Congress needs to take steps to improve the accountability of the new Consumer Financial Protection Bureau (CFPB), the American Bankers Association (ABA) said in a statement today.
"My bank’s philosophy – shared by banks everywhere – has always been to treat or customers right and do whatever we can to make sure that they understand the terms of the loans they are taking on and their obligations to us," Leslie Andersen, president and CEO of Bank of Bennington in Bennington, Neb., testified on behalf of the ABA before the House Financial Services Committee.
The ABA believes that in creating the CFPB, the Dodd-Frank Act "divided consumer protection from safety and soundness supervision and fragmented authority for enforcement of consumer protection laws." Improvements are therefore necessary to ensure that the CFPB is accountable to the fundamentals of safe and sound operation, to the gaps in regulatory oversight of non-banks, and to the principle of consistent regulation, according to a statement.
Suggested improvements include structural changes such as replacing the director with a commission and changing the voting standard for review of CFPB rules from two-thirds to a simple majority vote.
"A commission structure would broaden the perspective on any rulemaking and enforcement activity of the bureau, and would provide needed balance and appropriate checks in the exercise of the bureau’s authority," Andersen said.

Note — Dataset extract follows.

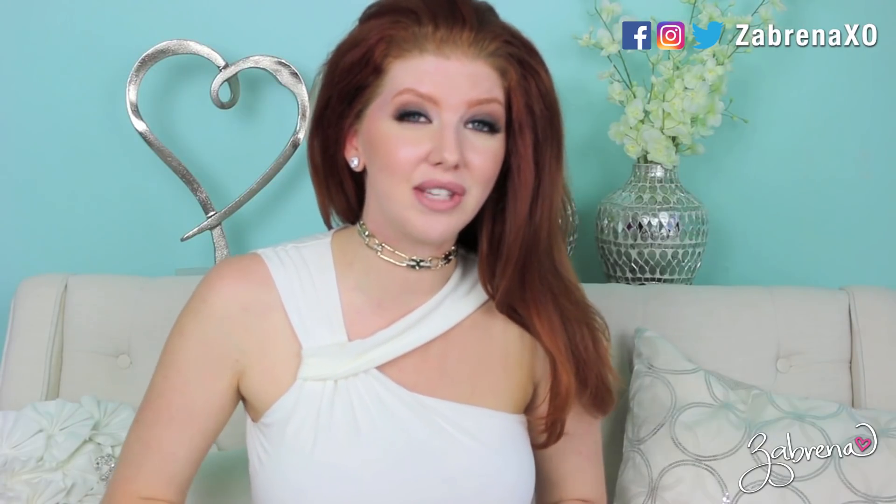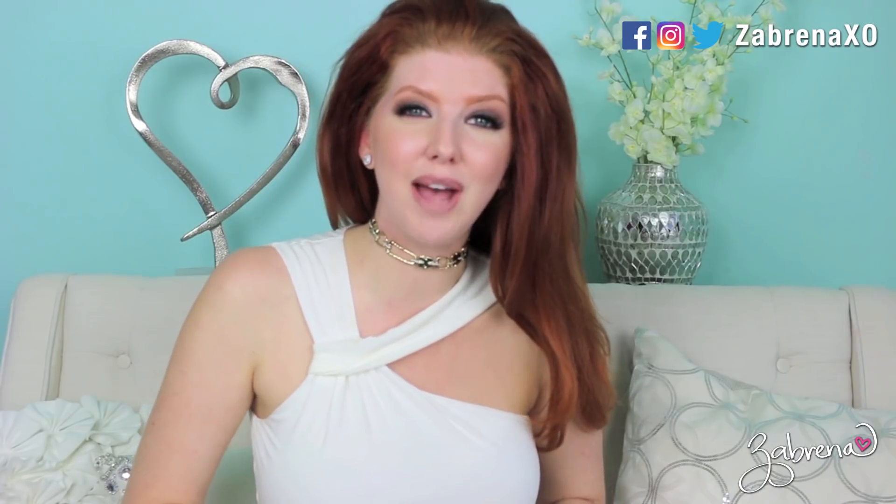Hi Gorgeous! Today I'm testing out some weird beauty tips and I'll show you up close and personal if these work or not. If you like videos like this, please subscribe and you'll always be notified of new ones in the future.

With regard to regulatory gaps, relevant provisions of Dodd-Frank can be used to require CFPB demonstrate the amount of expenditures that are being devoted to non-bank regulation and supervision, Anderson testified. She added that Dodd-Frank Act giving state attorneys general and prudential regulators additional authority to act on their own initiative to enforce CFPB rules would result in "countless competing interpretations of the law and will result in complicating and conflicting standards."
"When developing and offering products, firms rely on the basic rules of the road, knowing they are subject to careful changes from time-to-time," Anderson said. "The premise of the Bureau of Consumer Financial Protection was that it would result in a single set of rules of the road for consumers, industry and investors to abide by for the benefit of all. If we are to hold the bureau accountable to this premise, we must hold accountable all those who derive authority from its existence to abide by the same rules of the road."